| Requirement |
Line by line, the data below should be set down unchanged, with images excluded.

[Image-text web data]
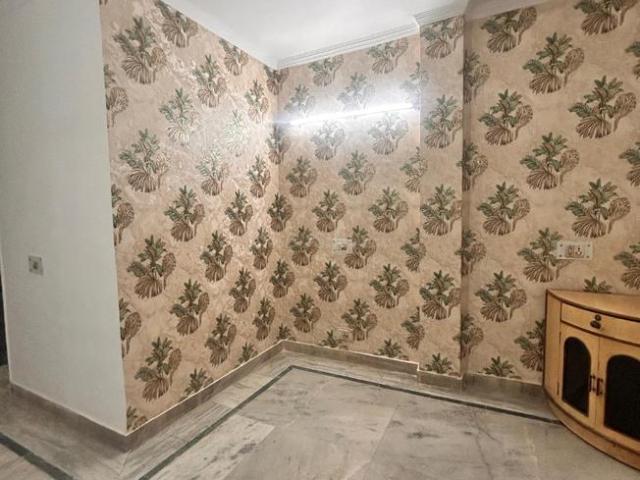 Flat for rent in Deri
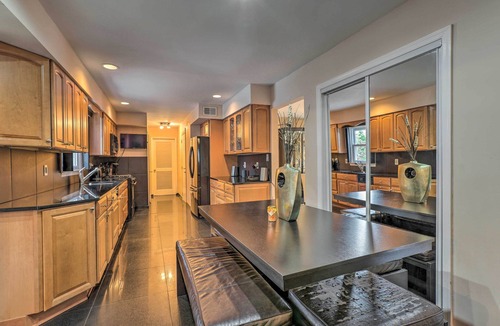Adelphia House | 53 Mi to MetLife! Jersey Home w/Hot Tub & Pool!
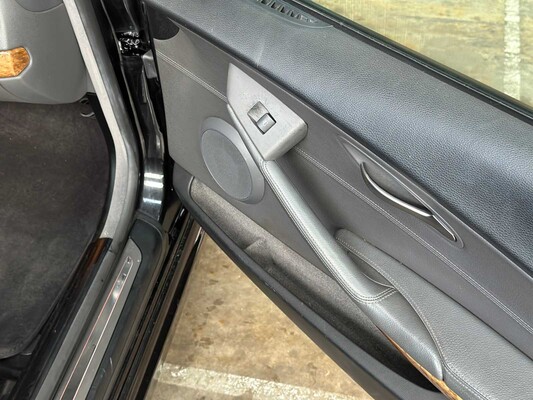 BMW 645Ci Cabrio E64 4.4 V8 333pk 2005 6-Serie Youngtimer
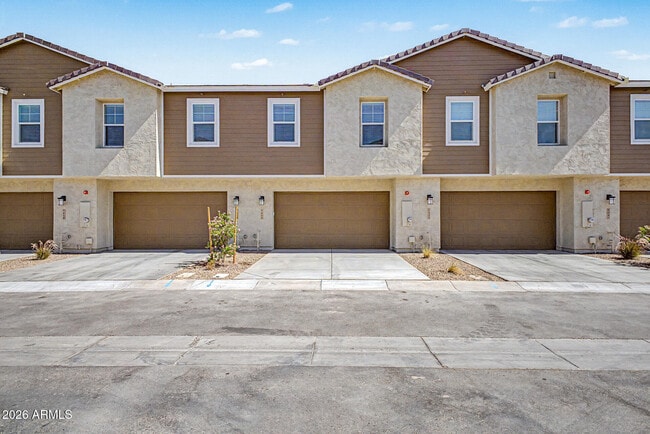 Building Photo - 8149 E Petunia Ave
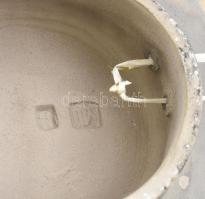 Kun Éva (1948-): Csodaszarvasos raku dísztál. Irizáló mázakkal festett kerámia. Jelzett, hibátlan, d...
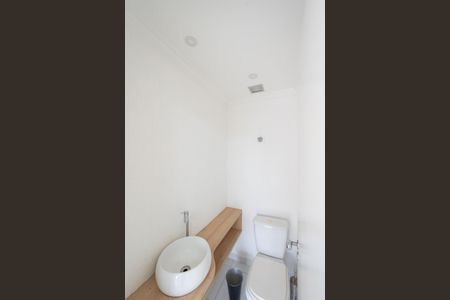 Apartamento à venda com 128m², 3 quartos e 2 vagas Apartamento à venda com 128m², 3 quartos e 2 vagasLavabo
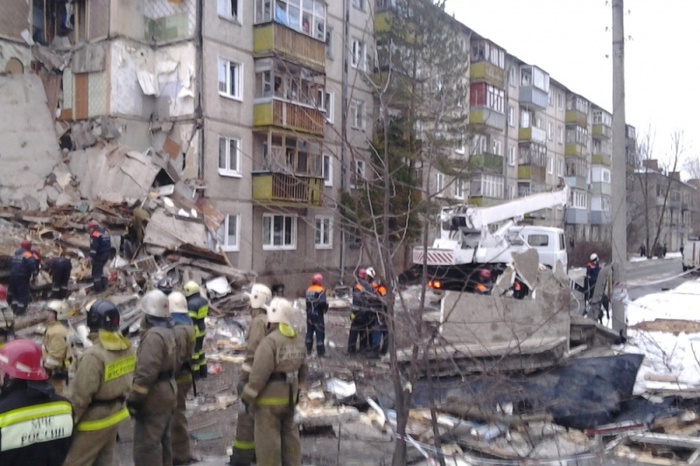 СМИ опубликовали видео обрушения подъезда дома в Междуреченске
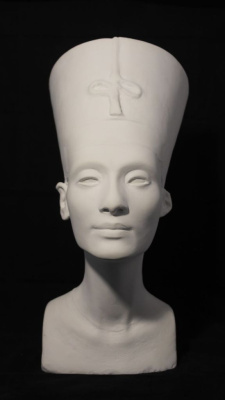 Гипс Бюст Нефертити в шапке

| Response |
 Flat for rent in Deri
Adelphia House | 53 Mi to MetLife! Jersey Home w/Hot Tub & Pool!
 BMW 645Ci Cabrio E64 4.4 V8 333pk 2005 6-Serie Youngtimer
 Building Photo - 8149 E Petunia Ave
 Kun Éva (1948-): Csodaszarvasos raku dísztál. Irizáló mázakkal festett kerámia. Jelzett, hibátlan, d...
 Apartamento à venda com 128m², 3 quartos e 2 vagas Apartamento à venda com 128m², 3 quartos e 2 vagasLavabo
 СМИ опубликовали видео обрушения подъезда дома в Междуреченске
 Гипс Бюст Нефертити в шапке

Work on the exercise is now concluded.